Disney qui se moque de lui-même : comment ne pas être enchanté par l'initiative ?
Il était une fois n'est pas le premier film se moquant des dessins animés Disney : on a eu Shrek par exemple, d'une façon plus ou moins fine selon les volets de la série et, dernièrement – mais avec bien moins de bonheur –
Cendrillon & le prince (pas trop) charmant ; mais là où ça devient intéressant, c'est quand c'est Disney lui-même qui se moque de ses productions tout en posant la question de la confrontation du monde des contes et de notre monde réel, cristallisée autour de la fille de l'avocat à qui son père refuse de lire les histoires de princesses pour qu'elle soit bien ancrée dans son monde. Mais la morale du film est claire : si un trop plein de niaiserie n'a sa place que dans les livres, un peu d'innocence et beaucoup de foi en l'amour sont bien utiles.

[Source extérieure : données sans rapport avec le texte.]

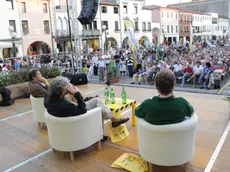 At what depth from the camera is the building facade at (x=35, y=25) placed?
2123 centimetres

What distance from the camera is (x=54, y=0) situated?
23438mm

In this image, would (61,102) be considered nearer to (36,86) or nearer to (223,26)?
(36,86)

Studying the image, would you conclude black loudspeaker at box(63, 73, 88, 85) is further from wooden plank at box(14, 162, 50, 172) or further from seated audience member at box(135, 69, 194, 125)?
seated audience member at box(135, 69, 194, 125)

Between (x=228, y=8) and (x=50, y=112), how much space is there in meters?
62.1

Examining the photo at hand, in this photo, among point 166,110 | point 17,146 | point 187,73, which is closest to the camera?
point 166,110

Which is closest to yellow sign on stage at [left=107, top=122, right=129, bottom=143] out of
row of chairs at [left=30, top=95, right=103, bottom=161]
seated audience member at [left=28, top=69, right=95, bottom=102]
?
row of chairs at [left=30, top=95, right=103, bottom=161]

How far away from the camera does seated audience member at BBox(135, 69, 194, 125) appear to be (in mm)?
2361

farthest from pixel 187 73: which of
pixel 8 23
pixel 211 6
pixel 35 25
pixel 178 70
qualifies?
pixel 211 6

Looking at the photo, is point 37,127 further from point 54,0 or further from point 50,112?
point 54,0

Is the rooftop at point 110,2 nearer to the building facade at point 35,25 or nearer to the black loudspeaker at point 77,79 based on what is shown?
the building facade at point 35,25

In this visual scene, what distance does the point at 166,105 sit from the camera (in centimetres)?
239

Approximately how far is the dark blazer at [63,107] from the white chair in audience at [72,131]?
5cm

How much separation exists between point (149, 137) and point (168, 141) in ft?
0.68

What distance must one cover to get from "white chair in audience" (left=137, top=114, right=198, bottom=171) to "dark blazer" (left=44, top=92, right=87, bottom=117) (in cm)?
85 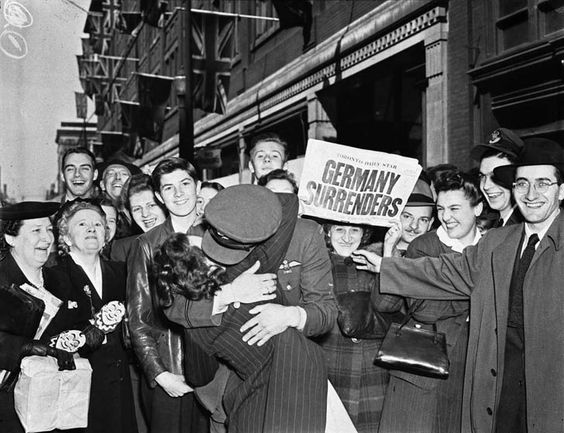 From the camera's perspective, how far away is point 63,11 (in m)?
4.56

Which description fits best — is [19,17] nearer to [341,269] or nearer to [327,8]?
[341,269]

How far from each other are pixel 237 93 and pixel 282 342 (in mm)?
17198

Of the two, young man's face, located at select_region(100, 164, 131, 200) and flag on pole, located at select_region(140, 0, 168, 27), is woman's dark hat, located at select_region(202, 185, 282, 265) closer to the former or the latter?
young man's face, located at select_region(100, 164, 131, 200)

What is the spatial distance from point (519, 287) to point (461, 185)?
3.32 ft

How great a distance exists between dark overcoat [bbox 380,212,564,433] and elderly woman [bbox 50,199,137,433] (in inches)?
70.9

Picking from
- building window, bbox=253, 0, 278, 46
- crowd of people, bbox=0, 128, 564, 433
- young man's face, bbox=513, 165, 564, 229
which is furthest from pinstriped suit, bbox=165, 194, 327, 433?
building window, bbox=253, 0, 278, 46

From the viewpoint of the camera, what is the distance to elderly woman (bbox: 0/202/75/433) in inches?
151

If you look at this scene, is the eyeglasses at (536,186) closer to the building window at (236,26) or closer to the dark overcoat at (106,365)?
the dark overcoat at (106,365)

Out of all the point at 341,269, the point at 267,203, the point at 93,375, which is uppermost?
the point at 267,203

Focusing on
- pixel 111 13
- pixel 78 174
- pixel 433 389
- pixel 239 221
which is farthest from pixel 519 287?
pixel 111 13

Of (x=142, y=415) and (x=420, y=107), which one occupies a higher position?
(x=420, y=107)

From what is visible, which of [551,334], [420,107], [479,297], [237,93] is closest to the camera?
[551,334]

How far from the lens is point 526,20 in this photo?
8.70 metres

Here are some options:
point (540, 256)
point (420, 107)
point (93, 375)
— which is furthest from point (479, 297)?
point (420, 107) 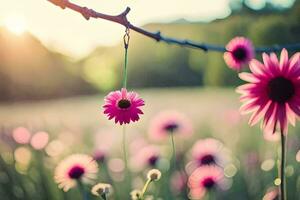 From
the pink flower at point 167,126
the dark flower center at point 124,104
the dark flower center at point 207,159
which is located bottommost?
the dark flower center at point 124,104

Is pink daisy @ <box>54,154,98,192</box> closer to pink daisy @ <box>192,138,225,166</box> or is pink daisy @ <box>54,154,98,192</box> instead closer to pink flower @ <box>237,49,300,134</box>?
pink daisy @ <box>192,138,225,166</box>

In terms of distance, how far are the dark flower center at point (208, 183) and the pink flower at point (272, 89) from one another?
768 millimetres

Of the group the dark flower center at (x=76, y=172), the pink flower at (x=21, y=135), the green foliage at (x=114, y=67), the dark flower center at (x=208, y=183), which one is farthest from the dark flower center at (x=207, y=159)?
the green foliage at (x=114, y=67)

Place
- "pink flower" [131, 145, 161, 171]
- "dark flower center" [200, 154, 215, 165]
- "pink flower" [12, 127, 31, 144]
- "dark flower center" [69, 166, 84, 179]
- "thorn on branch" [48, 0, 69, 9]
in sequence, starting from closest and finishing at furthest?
"thorn on branch" [48, 0, 69, 9] → "dark flower center" [69, 166, 84, 179] → "dark flower center" [200, 154, 215, 165] → "pink flower" [131, 145, 161, 171] → "pink flower" [12, 127, 31, 144]

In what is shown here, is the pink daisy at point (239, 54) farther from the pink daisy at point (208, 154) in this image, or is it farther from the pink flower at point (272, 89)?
the pink flower at point (272, 89)

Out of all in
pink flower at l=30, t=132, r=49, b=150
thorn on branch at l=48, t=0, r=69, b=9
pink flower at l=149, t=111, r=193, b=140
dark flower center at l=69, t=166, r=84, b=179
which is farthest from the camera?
pink flower at l=30, t=132, r=49, b=150

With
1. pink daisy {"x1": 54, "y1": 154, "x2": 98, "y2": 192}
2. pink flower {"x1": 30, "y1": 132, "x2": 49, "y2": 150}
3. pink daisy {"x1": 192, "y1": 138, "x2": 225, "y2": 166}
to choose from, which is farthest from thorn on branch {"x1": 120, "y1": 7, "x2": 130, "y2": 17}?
pink flower {"x1": 30, "y1": 132, "x2": 49, "y2": 150}

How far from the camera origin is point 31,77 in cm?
1948

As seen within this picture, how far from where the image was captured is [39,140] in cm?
296

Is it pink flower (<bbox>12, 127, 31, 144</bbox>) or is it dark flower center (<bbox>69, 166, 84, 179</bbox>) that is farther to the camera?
pink flower (<bbox>12, 127, 31, 144</bbox>)

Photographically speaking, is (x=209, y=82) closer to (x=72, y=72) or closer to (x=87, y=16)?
(x=72, y=72)

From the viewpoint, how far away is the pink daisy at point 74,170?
188 cm

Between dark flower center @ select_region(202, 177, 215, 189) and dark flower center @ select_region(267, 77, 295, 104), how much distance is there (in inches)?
31.3

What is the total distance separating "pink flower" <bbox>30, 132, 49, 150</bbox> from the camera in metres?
2.88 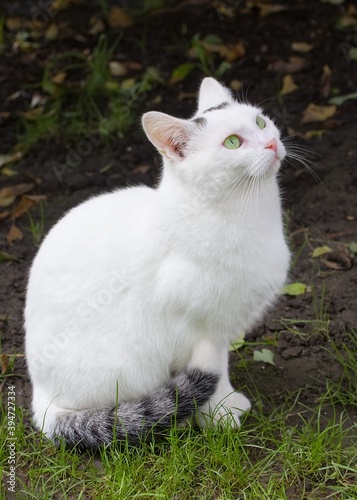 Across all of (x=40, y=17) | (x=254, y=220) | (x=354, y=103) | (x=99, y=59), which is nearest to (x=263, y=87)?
(x=354, y=103)

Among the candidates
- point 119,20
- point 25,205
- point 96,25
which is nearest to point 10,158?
point 25,205

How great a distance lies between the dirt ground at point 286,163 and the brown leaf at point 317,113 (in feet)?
0.12

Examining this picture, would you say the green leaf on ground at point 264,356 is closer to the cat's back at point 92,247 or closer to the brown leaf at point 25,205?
the cat's back at point 92,247

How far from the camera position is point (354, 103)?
5637 mm

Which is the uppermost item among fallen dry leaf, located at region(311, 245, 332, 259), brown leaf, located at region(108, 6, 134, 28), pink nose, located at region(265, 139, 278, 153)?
pink nose, located at region(265, 139, 278, 153)

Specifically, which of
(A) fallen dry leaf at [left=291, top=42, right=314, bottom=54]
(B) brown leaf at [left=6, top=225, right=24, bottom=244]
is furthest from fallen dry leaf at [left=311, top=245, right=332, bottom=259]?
(A) fallen dry leaf at [left=291, top=42, right=314, bottom=54]

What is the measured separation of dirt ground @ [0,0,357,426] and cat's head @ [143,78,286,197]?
3.84 ft

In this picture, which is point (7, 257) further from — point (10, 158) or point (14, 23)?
point (14, 23)

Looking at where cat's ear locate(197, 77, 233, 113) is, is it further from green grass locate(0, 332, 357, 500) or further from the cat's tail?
green grass locate(0, 332, 357, 500)

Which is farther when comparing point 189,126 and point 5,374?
point 5,374

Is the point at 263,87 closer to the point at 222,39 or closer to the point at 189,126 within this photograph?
the point at 222,39

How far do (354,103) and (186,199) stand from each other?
2.87 meters

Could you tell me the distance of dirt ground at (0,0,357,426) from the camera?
399 cm

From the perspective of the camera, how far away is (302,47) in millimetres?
6121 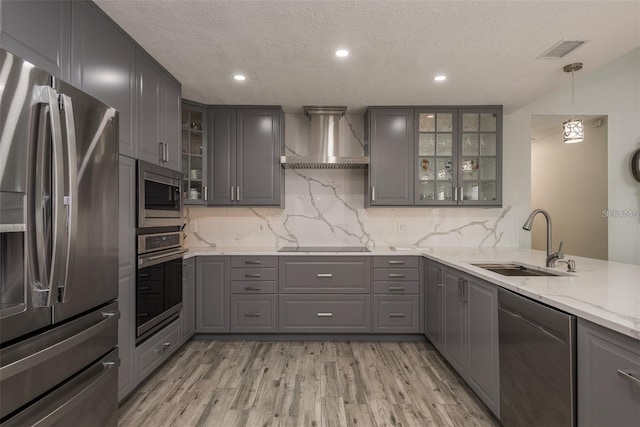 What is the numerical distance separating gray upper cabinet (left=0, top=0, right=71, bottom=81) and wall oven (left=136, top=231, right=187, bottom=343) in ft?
3.61

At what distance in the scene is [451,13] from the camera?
183 cm

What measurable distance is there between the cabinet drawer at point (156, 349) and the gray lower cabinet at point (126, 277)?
9 cm

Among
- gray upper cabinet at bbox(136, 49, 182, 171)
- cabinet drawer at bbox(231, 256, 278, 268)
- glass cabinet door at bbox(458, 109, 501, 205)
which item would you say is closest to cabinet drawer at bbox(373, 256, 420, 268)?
glass cabinet door at bbox(458, 109, 501, 205)

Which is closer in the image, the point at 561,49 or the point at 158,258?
the point at 561,49

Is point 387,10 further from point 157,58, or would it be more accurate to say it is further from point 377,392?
point 377,392

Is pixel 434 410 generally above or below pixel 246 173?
below

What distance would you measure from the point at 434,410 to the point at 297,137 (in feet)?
9.63

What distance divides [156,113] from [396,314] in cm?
275

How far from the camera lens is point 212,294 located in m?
3.15

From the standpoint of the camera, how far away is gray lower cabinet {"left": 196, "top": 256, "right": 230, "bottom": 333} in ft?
10.3

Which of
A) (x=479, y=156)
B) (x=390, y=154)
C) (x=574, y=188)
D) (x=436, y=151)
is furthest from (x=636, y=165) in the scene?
A: (x=390, y=154)

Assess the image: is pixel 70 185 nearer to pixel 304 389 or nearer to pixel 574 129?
pixel 304 389

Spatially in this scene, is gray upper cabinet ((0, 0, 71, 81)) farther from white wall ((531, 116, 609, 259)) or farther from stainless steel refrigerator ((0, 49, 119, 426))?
white wall ((531, 116, 609, 259))

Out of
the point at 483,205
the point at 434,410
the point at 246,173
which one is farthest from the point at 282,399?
the point at 483,205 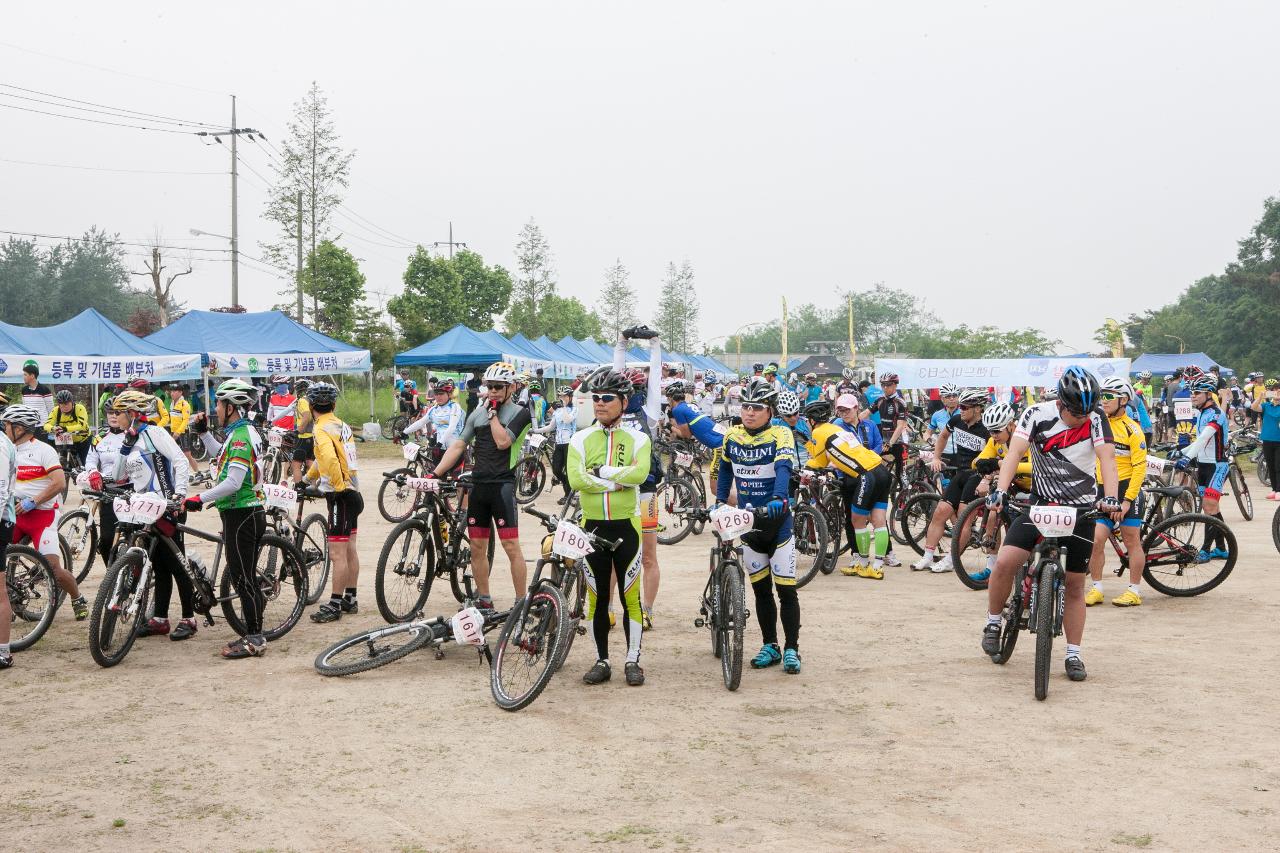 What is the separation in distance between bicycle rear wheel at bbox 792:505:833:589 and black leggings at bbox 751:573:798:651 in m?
3.18

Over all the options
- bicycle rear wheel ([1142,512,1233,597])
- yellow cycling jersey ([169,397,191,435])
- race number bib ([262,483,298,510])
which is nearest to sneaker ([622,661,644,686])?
race number bib ([262,483,298,510])

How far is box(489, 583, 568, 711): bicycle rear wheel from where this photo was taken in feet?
20.5

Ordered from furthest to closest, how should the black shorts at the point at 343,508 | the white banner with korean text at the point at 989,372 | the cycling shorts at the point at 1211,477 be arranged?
the white banner with korean text at the point at 989,372 → the cycling shorts at the point at 1211,477 → the black shorts at the point at 343,508

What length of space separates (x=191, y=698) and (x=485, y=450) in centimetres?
263

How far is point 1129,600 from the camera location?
9141 millimetres

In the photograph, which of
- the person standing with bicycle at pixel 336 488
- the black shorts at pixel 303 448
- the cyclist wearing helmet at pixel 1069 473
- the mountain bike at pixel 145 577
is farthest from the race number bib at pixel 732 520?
the black shorts at pixel 303 448

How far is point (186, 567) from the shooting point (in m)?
7.63

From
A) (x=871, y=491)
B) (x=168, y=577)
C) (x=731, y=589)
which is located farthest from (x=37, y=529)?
(x=871, y=491)

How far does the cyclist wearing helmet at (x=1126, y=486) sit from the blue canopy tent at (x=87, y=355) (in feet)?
66.6

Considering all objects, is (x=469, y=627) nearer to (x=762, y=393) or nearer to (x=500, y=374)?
(x=500, y=374)

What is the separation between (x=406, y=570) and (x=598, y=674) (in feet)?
7.30

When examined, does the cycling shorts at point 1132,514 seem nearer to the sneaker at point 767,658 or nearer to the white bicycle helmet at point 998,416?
the white bicycle helmet at point 998,416

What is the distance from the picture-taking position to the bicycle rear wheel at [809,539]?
34.0 feet

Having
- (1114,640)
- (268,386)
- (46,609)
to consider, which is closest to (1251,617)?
(1114,640) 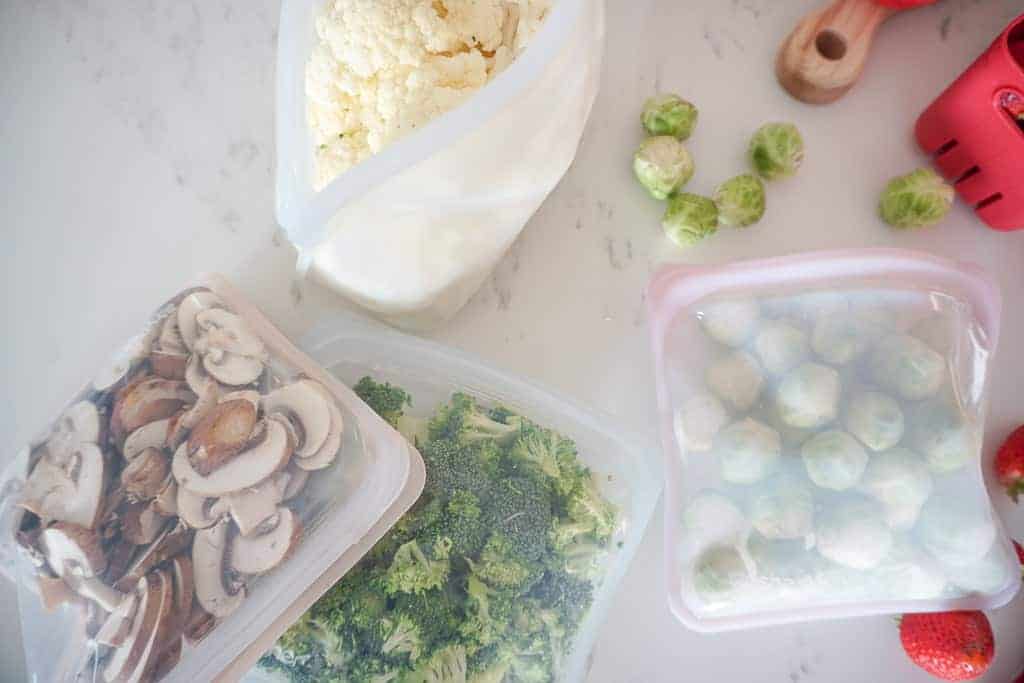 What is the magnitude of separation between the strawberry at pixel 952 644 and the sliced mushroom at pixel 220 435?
69 cm

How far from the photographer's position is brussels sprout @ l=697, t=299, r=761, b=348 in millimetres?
791

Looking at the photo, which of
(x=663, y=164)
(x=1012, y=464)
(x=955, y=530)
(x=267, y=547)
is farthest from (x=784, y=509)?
(x=267, y=547)

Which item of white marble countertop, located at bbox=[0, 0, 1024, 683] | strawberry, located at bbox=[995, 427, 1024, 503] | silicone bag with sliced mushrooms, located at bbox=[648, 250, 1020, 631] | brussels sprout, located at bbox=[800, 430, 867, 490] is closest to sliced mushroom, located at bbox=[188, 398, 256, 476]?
white marble countertop, located at bbox=[0, 0, 1024, 683]

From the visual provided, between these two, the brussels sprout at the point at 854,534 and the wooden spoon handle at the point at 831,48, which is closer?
the brussels sprout at the point at 854,534

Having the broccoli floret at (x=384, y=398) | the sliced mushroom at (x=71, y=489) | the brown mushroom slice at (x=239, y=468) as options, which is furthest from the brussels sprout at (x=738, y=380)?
the sliced mushroom at (x=71, y=489)

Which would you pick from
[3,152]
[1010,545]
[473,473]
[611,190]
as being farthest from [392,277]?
[1010,545]

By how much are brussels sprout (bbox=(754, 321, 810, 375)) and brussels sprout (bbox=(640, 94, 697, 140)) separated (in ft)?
0.80

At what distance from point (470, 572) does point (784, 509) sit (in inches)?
12.3

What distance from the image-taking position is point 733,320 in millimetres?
792

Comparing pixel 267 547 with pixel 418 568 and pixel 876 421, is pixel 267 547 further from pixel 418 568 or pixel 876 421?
pixel 876 421

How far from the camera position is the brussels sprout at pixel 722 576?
0.75m

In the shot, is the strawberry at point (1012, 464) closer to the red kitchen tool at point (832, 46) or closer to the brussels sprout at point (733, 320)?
the brussels sprout at point (733, 320)

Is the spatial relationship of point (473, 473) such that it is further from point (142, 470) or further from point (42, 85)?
point (42, 85)

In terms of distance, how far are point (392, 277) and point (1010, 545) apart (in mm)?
683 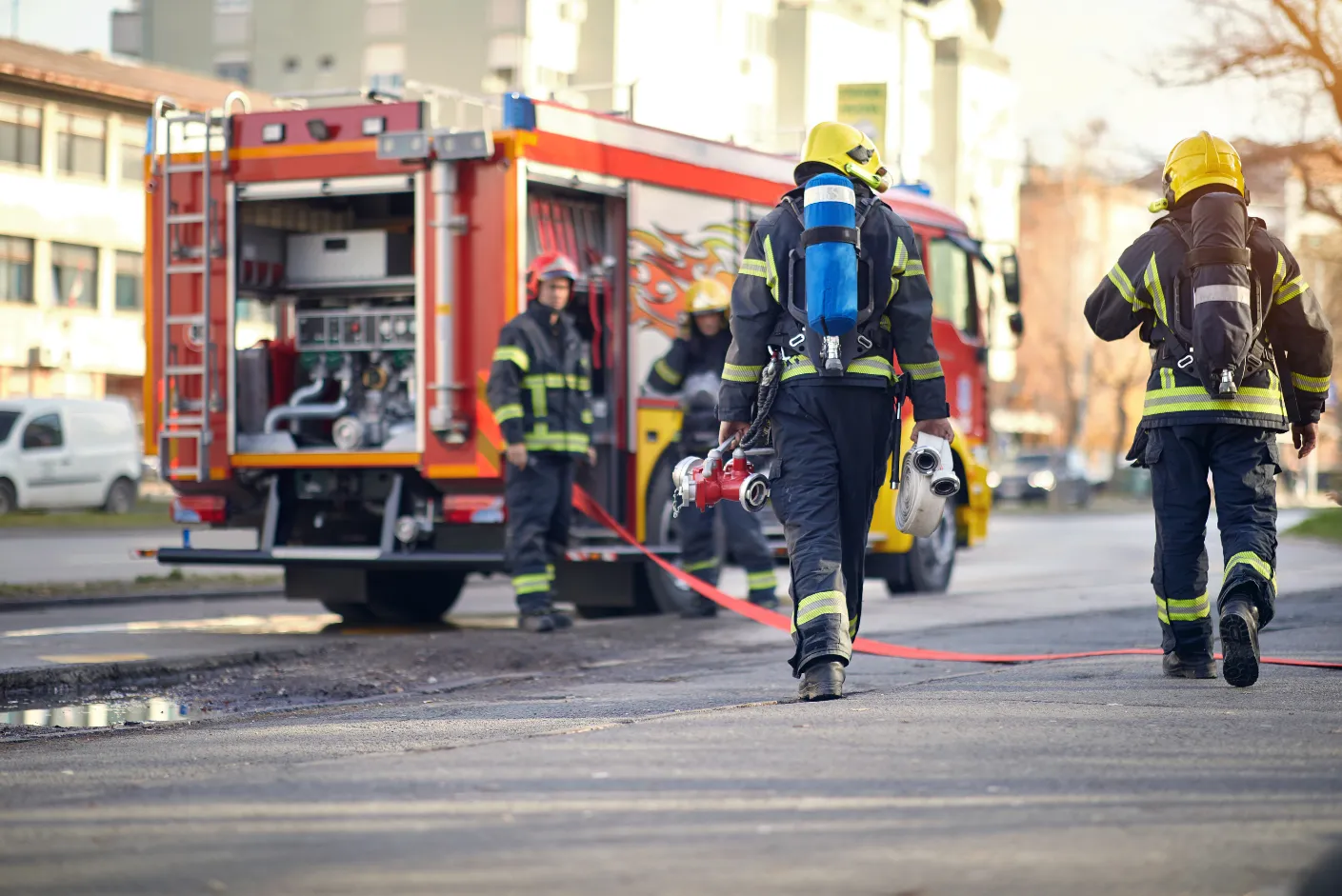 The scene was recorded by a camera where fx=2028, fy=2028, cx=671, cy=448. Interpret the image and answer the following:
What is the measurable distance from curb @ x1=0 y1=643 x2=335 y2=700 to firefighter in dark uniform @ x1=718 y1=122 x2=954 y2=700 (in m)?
3.16

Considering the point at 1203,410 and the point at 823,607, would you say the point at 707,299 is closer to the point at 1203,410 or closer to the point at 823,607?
the point at 1203,410

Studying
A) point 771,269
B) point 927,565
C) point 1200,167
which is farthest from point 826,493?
point 927,565

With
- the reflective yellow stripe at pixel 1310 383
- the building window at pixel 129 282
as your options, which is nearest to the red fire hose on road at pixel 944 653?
the reflective yellow stripe at pixel 1310 383

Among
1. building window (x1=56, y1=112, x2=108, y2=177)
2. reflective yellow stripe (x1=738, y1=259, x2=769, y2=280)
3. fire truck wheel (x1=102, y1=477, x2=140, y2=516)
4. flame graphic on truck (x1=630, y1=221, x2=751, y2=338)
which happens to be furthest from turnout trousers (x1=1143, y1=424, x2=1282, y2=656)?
building window (x1=56, y1=112, x2=108, y2=177)

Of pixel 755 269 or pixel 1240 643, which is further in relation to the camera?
pixel 755 269

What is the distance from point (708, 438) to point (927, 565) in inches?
118

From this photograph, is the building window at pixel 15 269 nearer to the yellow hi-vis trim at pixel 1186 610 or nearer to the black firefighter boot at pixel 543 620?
the black firefighter boot at pixel 543 620

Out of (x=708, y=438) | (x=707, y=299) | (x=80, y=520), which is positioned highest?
(x=707, y=299)

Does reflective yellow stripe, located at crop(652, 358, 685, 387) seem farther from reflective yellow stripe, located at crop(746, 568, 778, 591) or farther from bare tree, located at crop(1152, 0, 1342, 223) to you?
bare tree, located at crop(1152, 0, 1342, 223)

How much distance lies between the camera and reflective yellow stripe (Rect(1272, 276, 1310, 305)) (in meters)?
7.01

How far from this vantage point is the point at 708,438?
38.2 feet

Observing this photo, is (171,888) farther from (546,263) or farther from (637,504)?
(637,504)

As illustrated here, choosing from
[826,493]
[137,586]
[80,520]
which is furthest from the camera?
[80,520]

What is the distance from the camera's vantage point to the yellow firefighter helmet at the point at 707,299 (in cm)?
1162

Et, vu le sujet, on est bien reconnaissant au scénariste
Bill Kelly d'avoir su conserver une certaine rigueur. Tout d'abord, il a su faire évoluer le personnage de Giselle, toute sucrée au début et relativement censée à la fin : on peut alors comprendre comment elle peut séduire l'avocat blasé, et on évite ainsi le trop gros manque de réalisme. Sont bien sûr présents tous les clichés Disney, mais plutôt bien utilisés : les gesticulations de l'écureuil, inévitables, ne prennent pas toute la place et la longue chanson du milieu façon début de
La Belle et la bête (entre autres) a une touche moqueuse qui évite le ridicule. On pouvait se demander si ces traits particuliers allaient supporter le passage dans le monde réel : eh bien, curieusement oui, grâce justement à ce traitement légèrement décalé, qui sait utiliser les scènes classiques en les attaquant de côté. Sans être hilarant, donc, ce traitement donne à l'ensemble un air touchant et attendrissant qui fera que ceux que les histoires – souvent niaiseuses, reconnaissons-le – de la maison de production ne convainquent pas pourront se laisser séduire par
Il était une fois – à condition bien sûr d'être dans le bon état d'esprit.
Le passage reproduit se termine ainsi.